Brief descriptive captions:
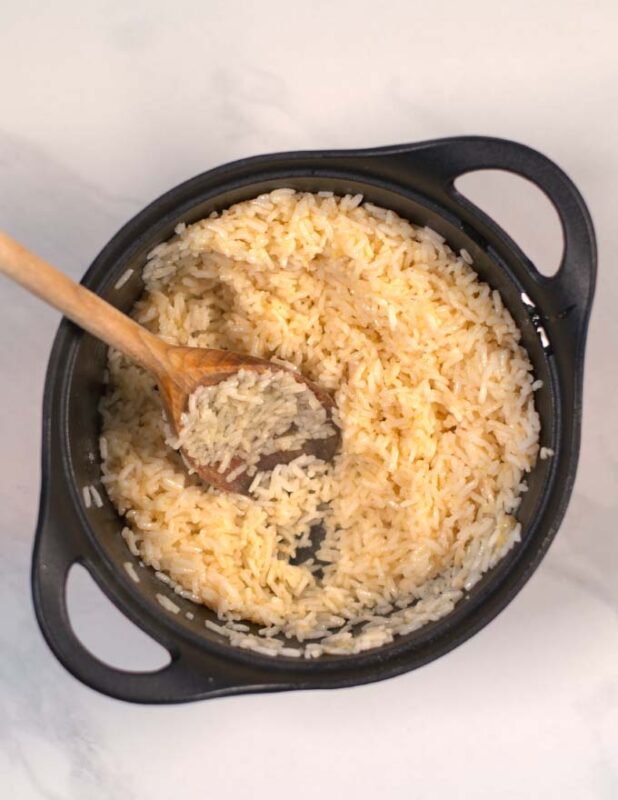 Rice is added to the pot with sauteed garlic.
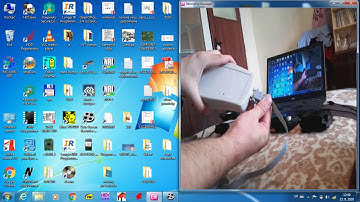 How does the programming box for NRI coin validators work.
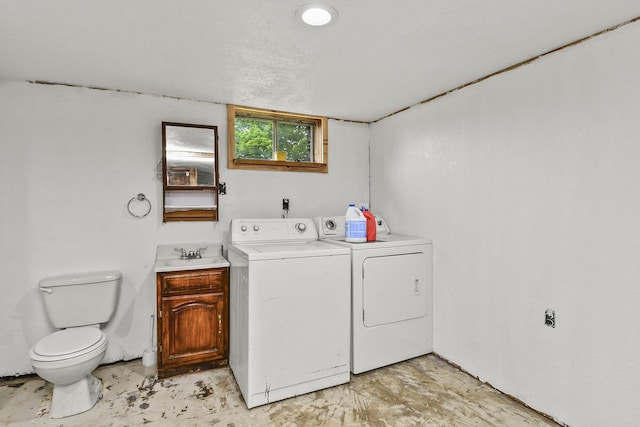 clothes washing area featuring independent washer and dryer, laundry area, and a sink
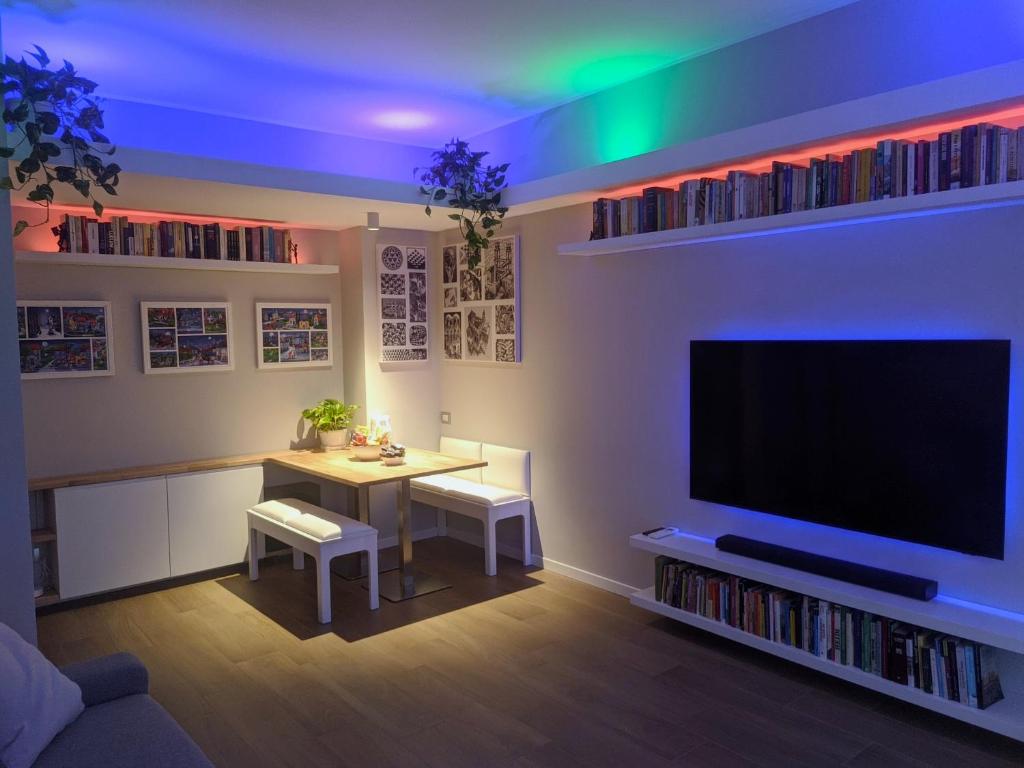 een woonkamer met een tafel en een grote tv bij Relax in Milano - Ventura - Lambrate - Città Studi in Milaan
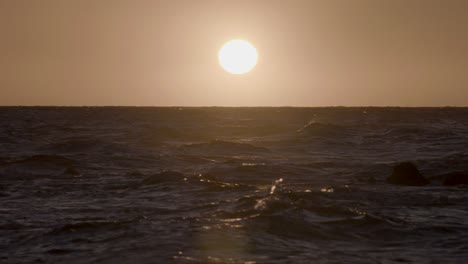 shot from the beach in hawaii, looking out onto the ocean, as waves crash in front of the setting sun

EXERCISE REQUIREMENTS> The lines to be transcribed are those from the first line of the data above through the line holding "clothes washing area", inclusive; copy them exactly and only, leaving out the pictures.

ANSWER TO THIS EXERCISE>
 Rice is added to the pot with sauteed garlic.
 How does the programming box for NRI coin validators work.
 clothes washing area featuring independent washer and dryer, laundry area, and a sink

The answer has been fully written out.